Все это мельком вспомнилось мне, когда я взглянул на Государя. Думаю, в моих глазах он прочитал торжество, ибо, когда он сказал: «Мы вам верим», я почувствовал, что все, кто погиб за победу великой Революции, наконец отомщены. Он мне поверил! Он, самодержец, никому особо не доверявший, доверил себя и своих детей Революции. Не я, а сама Революция победила архиреакционера. Толпа, пьяная от крови, не может понять такой мести, такого триумфа. Убийцы, ныне находящиеся у власти в России, и все так называемые «практичные политики» улыбнутся такой наивности, но я убежден, что это единственный вид мести, достойный великой Революции, которая всегда должна представлять собой торжество человеческой доброты и милосердия.

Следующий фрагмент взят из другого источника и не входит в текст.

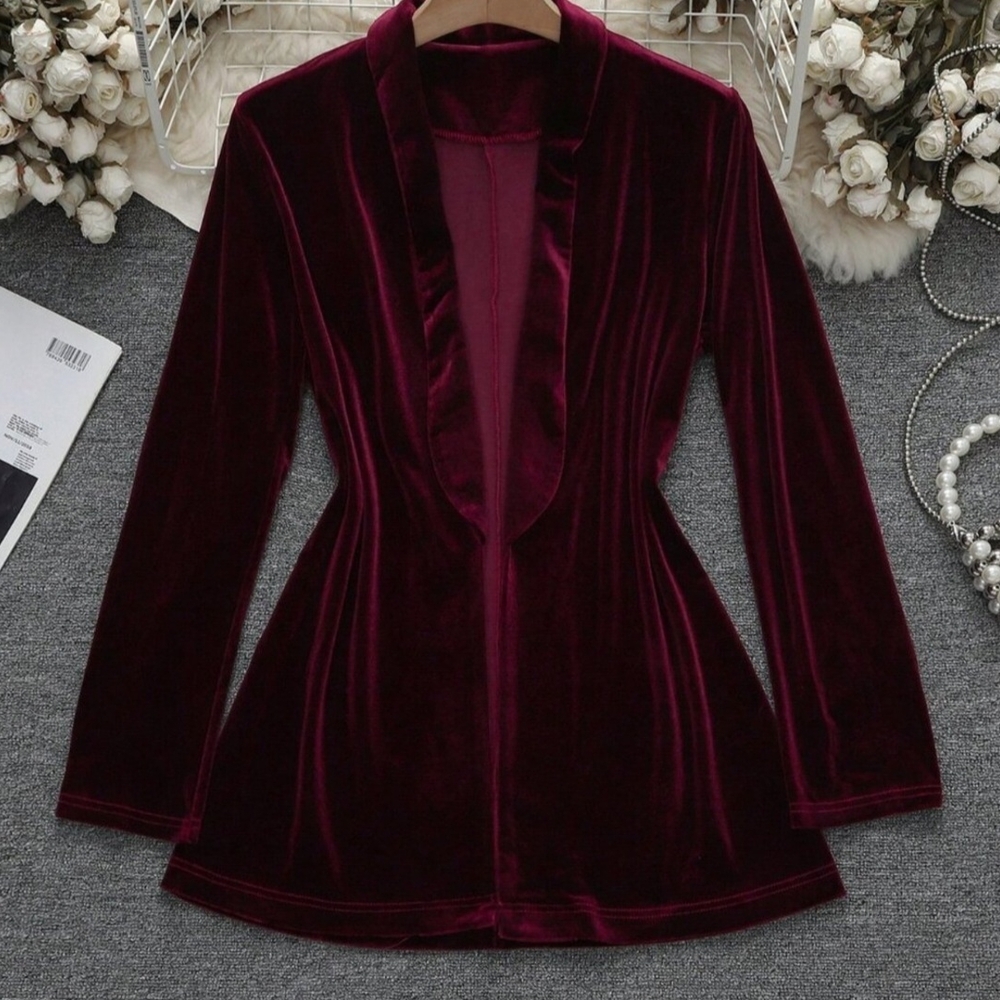 Burgandy Elegant Women's Velvet Jacket - Picture 3 of 7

Отъезд царя и его семьи в Тобольск состоялся в ночь на 1 августа. Все приготовления к моему удовольствию были завершены, и около одиннадцати часов вечера, после заседания Временного правительства, я отправился в Царское Село для наблюдения за отъездом. Сначала я обошел казармы и осмотрел гвардейцев, выбранных самими полками для сопровождения поезда и охраны царя по прибытии его в пункт назначения. Все были готовы и казались веселыми и довольными. По городу ходили смутные слухи об отъезде, и с раннего вечера вокруг дворцового парка стали собираться любопытные зеваки. Во дворце шли последние приготовления. Багаж вывозили и хранили в автомобилях и т. д. Мы все были на взводе. Перед их разлукой я разрешил государю увидеть его брата Михаила Александровича. Естественно, я должен был присутствовать при этой беседе, хотя мне это и не нравилось. Братья встретились в кабинете императора около полуночи. Оба выглядели очень взволнованными. К ним вернулись все переживания последних месяцев. Они долго молчали, а потом завели непринужденный, обрывочный разговор, характерный для таких торопливых бесед: «Как Алиса?» — А как мама? — спрашивал великий князь и т. д. Они стояли лицом друг к другу, все время ерзая, и иногда один брал другого за руку или за пуговицы мундира.
— Могу я увидеть детей? — спросил меня Михаил Александрович.
— Нет, — ответил я. — Я не могу продлить встречу.
— Очень хорошо, — сказал великий князь своему брату. — Поцелуй их за меня.